In 1945 when that Pennsylvania State Senator introduced his bill, there was no Medicare, the term "HMO" had not yet been coined, and there was little to interfere with the relationship between the doctor and the patient. Today, medicine-the art, and health care-the business, seem to be at odds with each other. In 1997 Congress passed drastic cuts to Medicare, states' reimbursement to hospitals for the care of the indigent is claimed to be inadequate, managed care companies are tight fisted and do not reimburse hospitals for their full expenses, and hospitals must struggle and develop cost-cutting ways to become more efficient. For fear of  losing their competitive edge, many large hospitals went on a rampage of buying primary care physician's practices, but after the frenzy subsided and the decreased reimbursements began to take their toll, many of those physicians were asked to leave or take drastic cuts in salary. On the other hand, private practice physicians, who nowadays rarely treat patients who are themselves responsible for the cost of their medical care, must deal with decreased reimbursement from Medicare and   HMO's, pressure to get patients out of the hospital sooner, and repeated inability to order x-rays or blood tests or even the medicine of choice, all for the purposes of cost cutting.

Physicians in private practice must now deal with more and more time consuming paper work, and those whose practices have been bought often complain of increased patient load and compromised quality care. 
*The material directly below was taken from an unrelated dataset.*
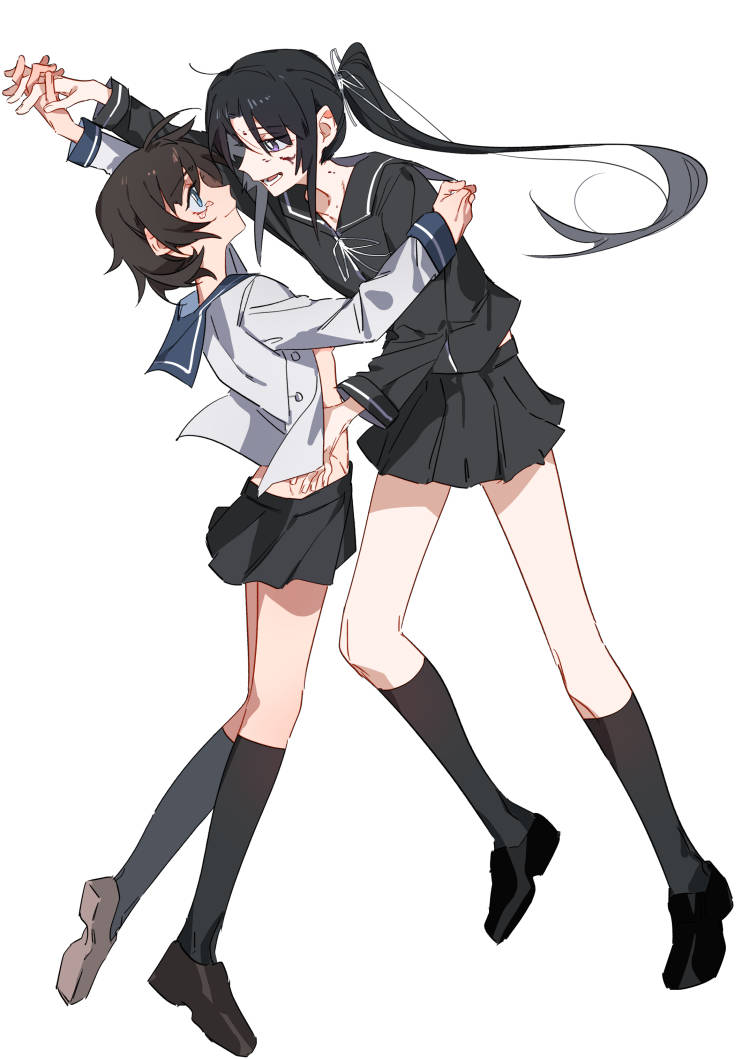 2girls black_footwear black_hair black_sailor_collar black_shirt black_skirt black_socks blood blood_on_face blue_eyes blue_sailor_collar brown_footwear brown_hair chinese_commentary commentary_request copyright_request dancing eye_contact full_body hand_on_another's_shoulder hand_on_another's_waist holding_hands interlocked_fingers kneehighs loafers loincloth looking_at_another molu_stranger multiple_girls open_clothes open_mouth open_shirt pleated_skirt ponytail purple_eyes sailor_collar school_uniform serafuku shirt shoes short_hair simple_background skirt socks tearing_up tears white_background yuri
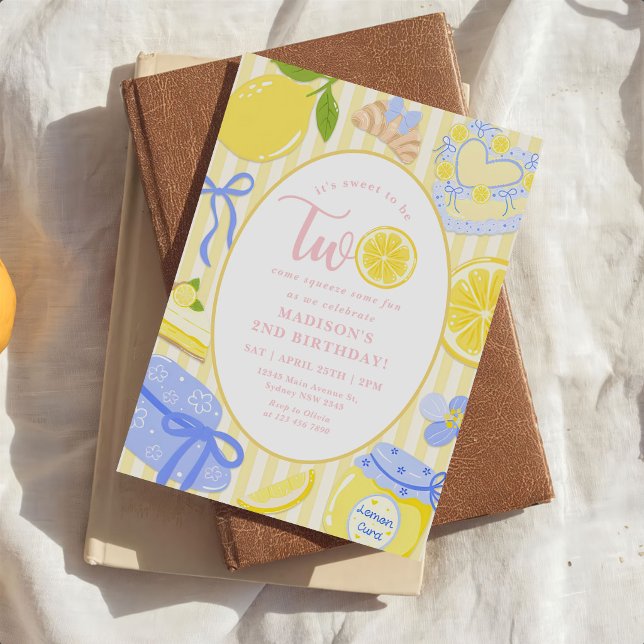 Invitation Citron Citrus Été Limonade 2e Anniversaire (Créateur téléchargé)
To add to the above, of course, is the malpractice problem. Not only are physicians being sued, but we are now seeing more and more attempts to sue HMO's for failing to authorize payment for treatment and most recently for giving bonuses to doctors who hold down costs. Malpractice is now the largest growth aspect of the medical industry with the amount of the awards and the number of suits increasing on a daily basis.

Third party payers and the government are being increasingly parsimonious in their support of the medical education system. In addition, medical research, which was the recipient of huge grants and reimbursements for many years, is on the decline, and the bulk of today's research is funded privately or by industry. This raises the conflict of interest issues involving doctor scientists who have a personal financial stake in the company funding their work. How can we ensure that the doctor scientist will remain objective?

So even though we are in a time of unprecedented economic growth and the greatest acceleration of technological growth in the history of the human  race, we are paying a high price in the loss of human values. As advocates for their patients in the health care system, doctors are constantly forced to strike a balance between quality and cost. It seems that the primary motivation to most behavior is wealth . Let us hope that we can all develop a greater sense of caring for our fellow humans, that the medical profession can regain the confidence of its patients and society and that we can somehow take greater control of the profit seekers. Appropriate health care reform seems to be on the way and if that can be followed by some sort of tort reform, we may see the beginning of a gradual elimination of the many ills that plague the medical industry. Hopefully, some of this will be accomplished and we can reap the benefits of the remarkable advances that have occurred since that Pennsylvania senator's proposal in 1945.